Politis  • 20 juillet 2016 abonné·es
Questions après Nice
© Photo : Valery HACHE/AFP.

Le massacre commis par un homme qui a jeté son camion dans la foule des promeneurs, fauchant 84 vies au soir du 14-Juillet à Nice, ne cesse d’interroger notre société. Qui était-il ? Avait-il des liens avec Daech ? Pouvait-on éviter le crime ? Que penser de la réaction des politiques ? Cet événement est-il en rapport avec la situation en Syrie et en Irak ? Politis a interrogé plusieurs spécialistes.

Quels effets la tragédie de Nice peut-elle avoir sur la société française ?

Le sociologue Michel Wieviorka [^1] note combien le consensus, cette fois, s’est rapidement « dissous », notamment du fait de la logique « hautement conflictuelle » de la campagne présidentielle. Pour le psychanalyste Gérard Haddad [^2], la société française va désormais vivre « dans une réelle angoisse », doublée d’un « effet dépressif qui peut vite se traduire par une certaine violence, à l’instar des huées accueillant à Nice Manuel Valls, venu pour la cérémonie d’hommage aux victimes. Mais le risque principal est bien sûr une montée encore plus forte de la haine des musulmans, dans une recherche du bouc émissaire classique en ce cas ». Pourtant, ces risques de réactions violentes au sein de la société tiennent aussi, pour Michel Wieviorka, « à la crise politique actuelle » après que le pouvoir a « hystérisé le pays avec une loi travail rejetée par les trois quarts de la population »

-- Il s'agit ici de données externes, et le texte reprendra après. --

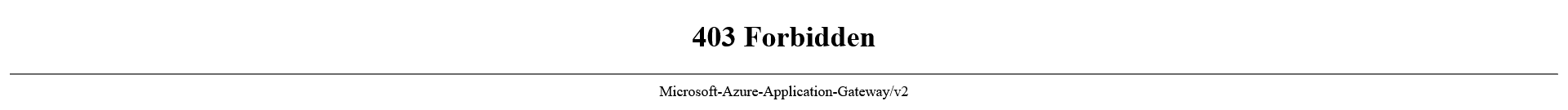 Screenshot 2024-11-06 at 05-44-19 403 Forbidden.png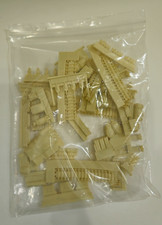 Legend pzkpfw stowage for sale  Saint Louis
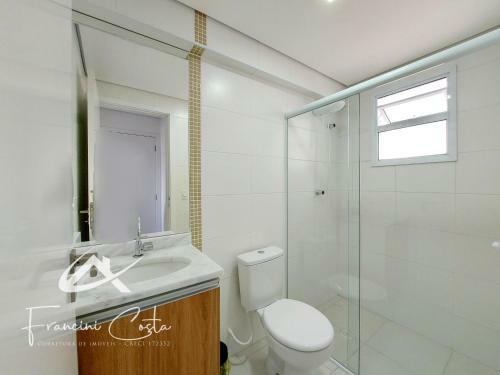 Apartamento Perto Da Praia No Indai�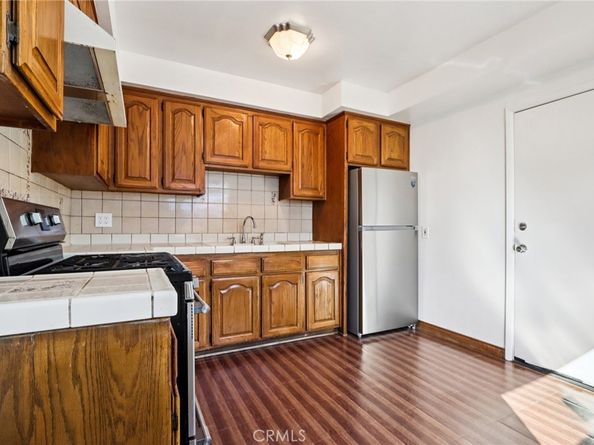 7010 Milwood Avenue, Canoga Park CA 91303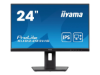 iiyama ProLite XUB2493HS-B6 - LED monitor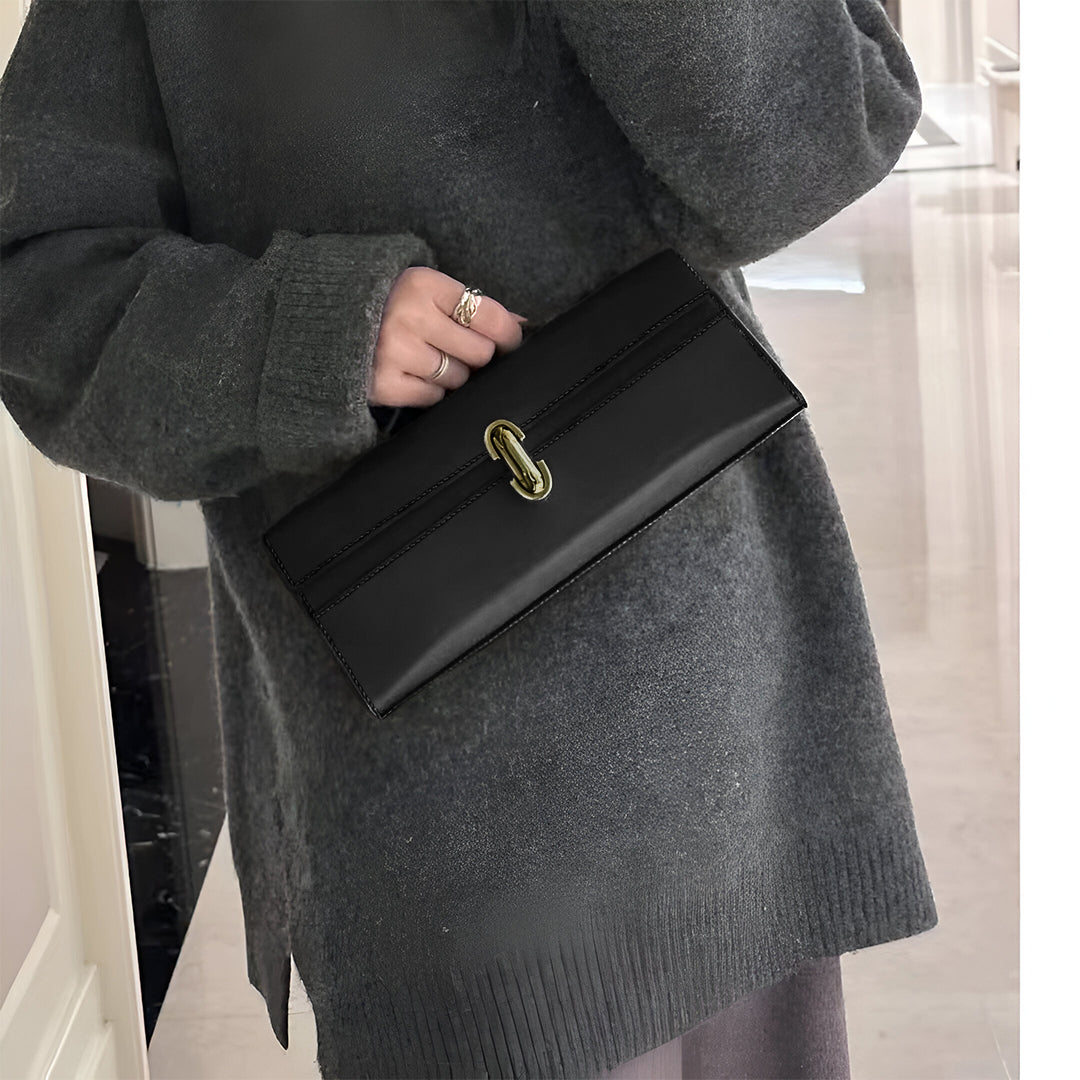 <tc>Bolso Lucia</tc>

La démocratie française peut-elle être en danger ?

Les principes de la démocratie sont d’ores et déjà bien entamés, notamment avec la quatrième prorogation de l’état d’urgence, annoncée au lendemain de l’attentat.

Pour la présidente de la Ligue des droits de l’homme (LDH), Françoise Dumont, « la loi Urvoas, par les compétences sécuritaires qu’elle octroie à l’exécutif, organise déjà une sorte d’état d’urgence sans état d’urgence. Il y a donc lieu de considérer notre démocratie en danger, car l’équilibre entre les pouvoirs judiciaire, exécutif et législatif est rompu au profit du seul exécutif. En habituant en outre les gens à l’idée qu’on peut se passer du pouvoir judiciaire ; comme si on ne pouvait pas faire confiance aux juges ! ». Une « dérive autoritaire », selon elle, qui a pourtant une efficacité plus que limitée contre les attaques terroristes. Mais qui peut constituer une menace pour les militants, opposés à la loi travail, par exemple.

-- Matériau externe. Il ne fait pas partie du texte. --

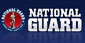 National Guard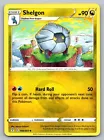 Shelgon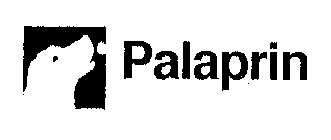 PALAPRIN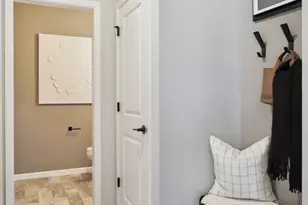 17950 Genoa Dr, Lakeville, MN 55044 - Photo 11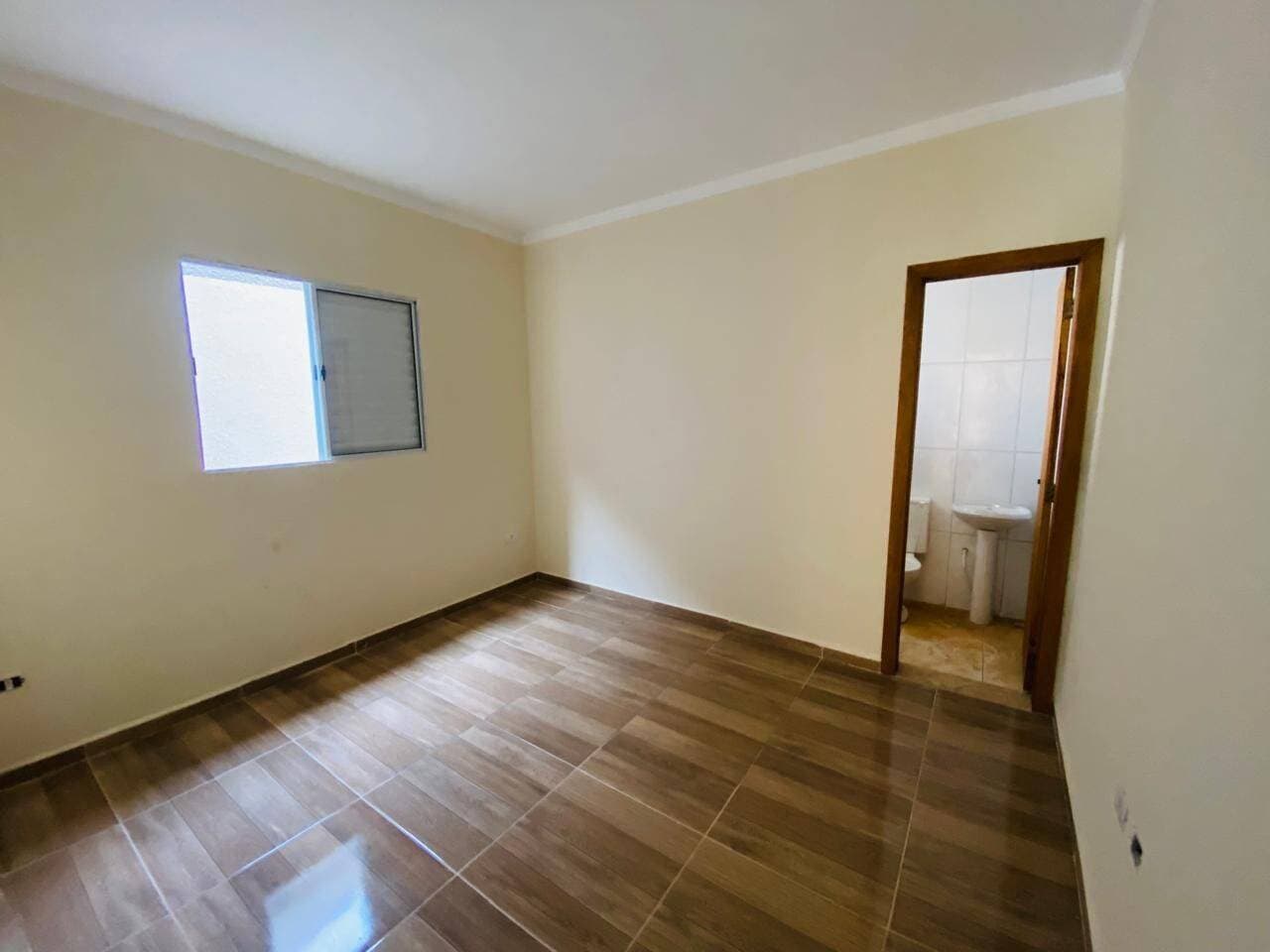 casa a venda sol nascente — foto 7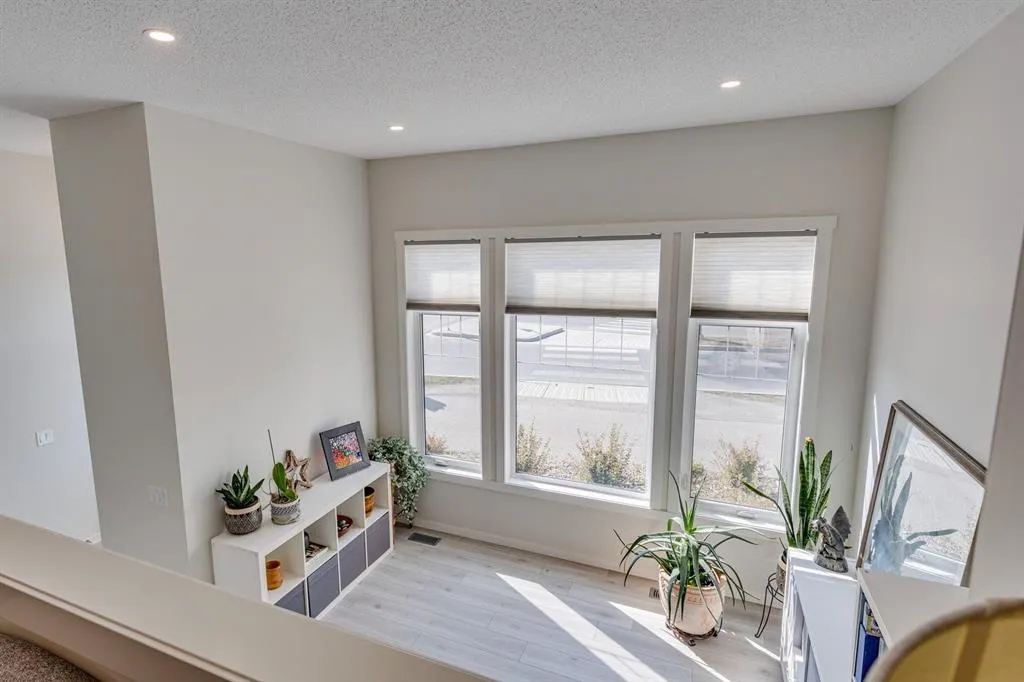174 Chinook Gate Boulevard SW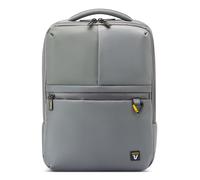 Roncato - Trial Rucksack 41 cm Laptopfach Rucksäcke Schwarz Herren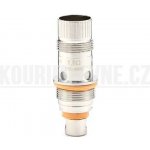 aSpire Triton Mini žhavící hlava Clapton nerez 1,8ohm – Zbozi.Blesk.cz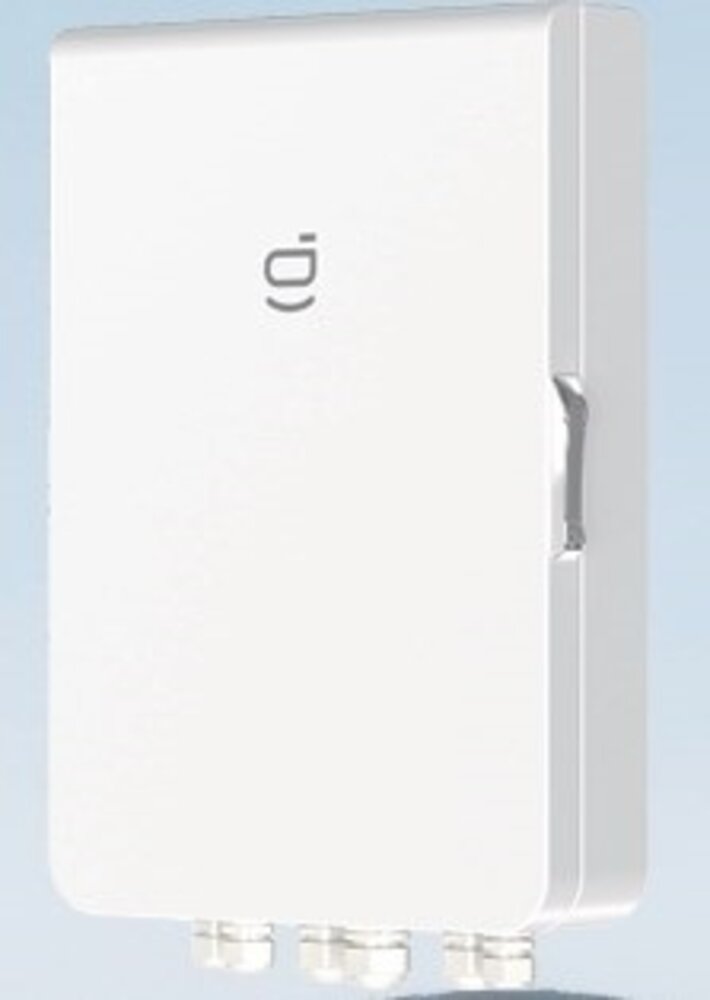 Sigenergy Sigen Energy Gateway C60-2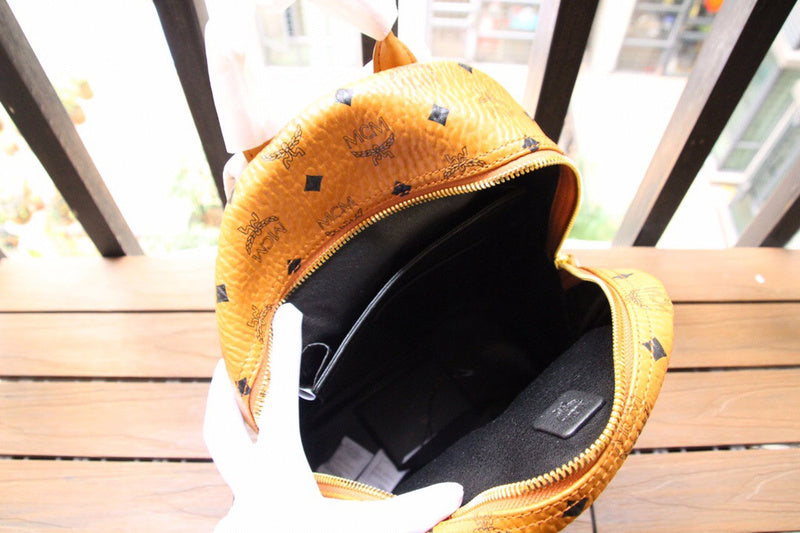 Amelia - MAmeliaBRANDED BAGS - 180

Les dispositifs sécuritaires au niveau des municipalités sont-ils efficaces ?

« Si Paris avait été équipée du même matériel que nous, avait déclaré Christian Estrosi, le 19 janvier 2015, lors d’un conseil municipal extraordinaire sur la sécurité convoqué après les attentats contre Charlie Hebdo et l’Hyper Cacher, les frères Kouachi n’auraient pas passé trois carrefours sans être repérés. » L’homme fort de Nice, ville qui compte la police municipale la plus nombreuse de France – 357 agents en 2015 et armés –, et le plus important réseau de caméras – la capitale de la Côte d’Azur en compte 1 257, soit une pour 270 habitants –, a fait depuis son accession à la mairie, en 2008, de la sécurité son cheval de bataille. Et s’il n’est plus officiellement maire depuis le 13 juin, il conserve la sécurité dans ses attributions de premier adjoint au maire. Toutefois, il ne suffit pas de rebaptiser « vidéoprotection » la « vidéosurveillance », ce qu’a fait en 2011 le gouvernement Fillon avec la loi d’orientation et de programmation pour la performance de la sécurité intérieure, dite « loi Loppsi », pour protéger réellement les citoyens. Face à l’irruption du camion tueur sur la promenade des Anglais, le 14-Juillet, ce matériel n’a pas été d’une grande utilité. Et Christian Estrosi, qui, à l’automne dernier, alors qu’il était candidat aux régionales, promettait aux électeurs de « renforcer [leur] sécurité dans [leur] région », affirme désormais que « toutes les missions de sécurité relèvent de l’État et non des collectivités ».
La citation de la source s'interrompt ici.